Task statement – Give back every record below, character for character.

[Recorded data]
=== Begin Enclosure ===
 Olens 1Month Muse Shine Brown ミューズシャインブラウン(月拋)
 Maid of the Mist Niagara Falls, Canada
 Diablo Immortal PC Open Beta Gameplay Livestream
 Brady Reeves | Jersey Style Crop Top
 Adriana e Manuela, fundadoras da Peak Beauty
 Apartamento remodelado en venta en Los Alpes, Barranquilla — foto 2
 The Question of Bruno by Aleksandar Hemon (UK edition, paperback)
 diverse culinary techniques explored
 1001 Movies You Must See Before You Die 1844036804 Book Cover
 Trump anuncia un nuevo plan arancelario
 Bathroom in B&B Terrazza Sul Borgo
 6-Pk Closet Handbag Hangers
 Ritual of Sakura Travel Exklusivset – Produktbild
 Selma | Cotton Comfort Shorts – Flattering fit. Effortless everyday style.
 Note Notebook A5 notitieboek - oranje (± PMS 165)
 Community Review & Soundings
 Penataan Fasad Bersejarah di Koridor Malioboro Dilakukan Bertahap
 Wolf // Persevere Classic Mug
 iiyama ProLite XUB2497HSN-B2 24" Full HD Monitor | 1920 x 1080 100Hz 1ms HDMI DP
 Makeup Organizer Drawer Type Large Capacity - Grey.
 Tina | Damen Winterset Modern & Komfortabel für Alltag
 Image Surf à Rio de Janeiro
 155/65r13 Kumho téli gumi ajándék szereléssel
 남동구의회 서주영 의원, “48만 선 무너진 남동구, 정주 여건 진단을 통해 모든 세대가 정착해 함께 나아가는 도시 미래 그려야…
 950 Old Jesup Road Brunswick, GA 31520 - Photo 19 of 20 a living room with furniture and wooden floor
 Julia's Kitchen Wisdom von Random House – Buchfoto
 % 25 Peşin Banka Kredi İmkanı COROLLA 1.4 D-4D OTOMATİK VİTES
=== End Enclosure ===
Finished task –
 Olens 1Month Muse Shine Brown ミューズシャインブラウン(月拋)
 Maid of the Mist Niagara Falls, Canada
 Diablo Immortal PC Open Beta Gameplay Livestream
 Brady Reeves | Jersey Style Crop Top
 Adriana e Manuela, fundadoras da Peak Beauty
 Apartamento remodelado en venta en Los Alpes, Barranquilla — foto 2
 The Question of Bruno by Aleksandar Hemon (UK edition, paperback)
 diverse culinary techniques explored
 1001 Movies You Must See Before You Die 1844036804 Book Cover
 Trump anuncia un nuevo plan arancelario
 Bathroom in B&B Terrazza Sul Borgo
 6-Pk Closet Handbag Hangers
 Ritual of Sakura Travel Exklusivset – Produktbild
 Selma | Cotton Comfort Shorts – Flattering fit. Effortless everyday style.
 Note Notebook A5 notitieboek - oranje (± PMS 165)
 Community Review & Soundings
 Penataan Fasad Bersejarah di Koridor Malioboro Dilakukan Bertahap
 Wolf // Persevere Classic Mug
 iiyama ProLite XUB2497HSN-B2 24" Full HD Monitor | 1920 x 1080 100Hz 1ms HDMI DP
 Makeup Organizer Drawer Type Large Capacity - Grey.
 Tina | Damen Winterset Modern & Komfortabel für Alltag
 Image Surf à Rio de Janeiro
 155/65r13 Kumho téli gumi ajándék szereléssel
 남동구의회 서주영 의원, “48만 선 무너진 남동구, 정주 여건 진단을 통해 모든 세대가 정착해 함께 나아가는 도시 미래 그려야…
 950 Old Jesup Road Brunswick, GA 31520 - Photo 19 of 20 a living room with furniture and wooden floor
 Julia's Kitchen Wisdom von Random House – Buchfoto
 % 25 Peşin Banka Kredi İmkanı COROLLA 1.4 D-4D OTOMATİK VİTES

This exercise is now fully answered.